Nikitas Mandras was born in 1915, in Volissos, Chios. He played the violin and had some formal training in music. He made his living as a barber, a professional passed down by his father, and ran his own barbershop.

He mainly performed at weddings, christenings and gatherings in people’s homes, but also on cruise ships that stopped in Chios. He visited several of the island's villages, in his capacity as a musician, and also took part in television and radio shows in Athens, dedicated to local traditional music.

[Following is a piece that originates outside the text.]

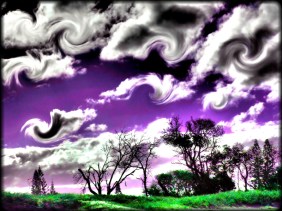 Amazing Photo, colourful,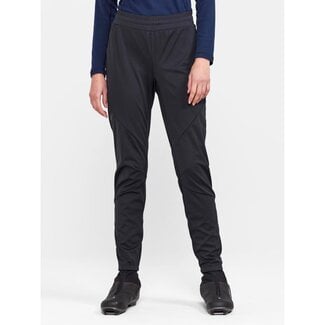 Craft Women's Core Essence Nordic Pants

Places he’s visited in Chios include: “Well, let’s see: I used to go to Sidiroundas, Katavasi, Diefchna […]. We went to Fyta, we went to Spartounta, we went to Pispilounta, we went to Potamia […]. Out of the northern villages, Aghio Gala was the only one I haven’t been to. I went to Kourounia several times, once to Keramos, once to Melanios, and we made good money there. I often worked in Parparia, I’ve been to Potamia many times. On the other side, I’m not sure about Kardamyla, I went to Langada once, I went to Aghios Isidoros and I had students there, too, Pityos was there. I never went to Sykiada or Lithi, there had local musicians over there. From Lithi onwards, it’s too far away.”

Although he didn’t regularly perform with a particular band, he did work with “Chogios” [or Fokios], who played the oud: “Mostly, it was me and “Chogios” playing together. We were the regulars here, he played the oud, but he had a good ear. I mean, sometimes, the instrument might be a little out of tune, and he’s say to me: ‘My E is out of tune’ and I’d say: Leave it, we’re busy now, leave it.’ It’s a big deal, to be in tune properly, of course. Otherwise you play one thing and hear another.”

On his repertoire, he said: “I played whichever songs paid the most, the ones they danced to. But if you play them well, all songs get people going. They love the tsiftetelia, they dance to them, they dance and if you switch to a tsifteteli you’ll hear them say “Bless you, Nikita’ […] we play songs from other parts, too. When we play in festivals, and someone comes asking for tsamiko, we’re not going to say no, are we? But what do we play? We play the ‘Itia’, we play the ‘Salona’, we play two or three songs, and then we say ‘We don’t know any more’. We know those ones, because they dance to them.”

According to Nikitas Mandras, representative of the local music are ‘Sylivriana’ and ‘Politika’. Speaking of musical influences from the coast of Asia Minor, he said: “Mikrasiatika and Smyrneika [songs from Asia Minor and Smyrna], all the good ones are from there, don’t listen […] the old zeibekika that they still play, and the rebetika, they’re all from Smyrna. The politikos dance, the syrta, most of them are from Istanbul. We have kalamatiana, syrta, we have zeibekika – in fact, they call them tourkika [Turkish], play us some tourkika, they say”.

Nikitas Mandras has taught the violin, the mandolin and the oud: “I’m a teacher, someone played the oud, another was learning the mandolin, another the violin. And I’d say to them: ‘What I just showed you, practice it at home, and come and play it for me’. I had quite a few, around ten of them. One of them – what was he called? He was a choir singer, a good one, who wanted to learn the oud. I said, bring him to me, and they brought him. Another one, Kanaoutsis was his name, he learned, too, and another by the name of Trikalitis. I don’t remember the names now. There were five or six of them.”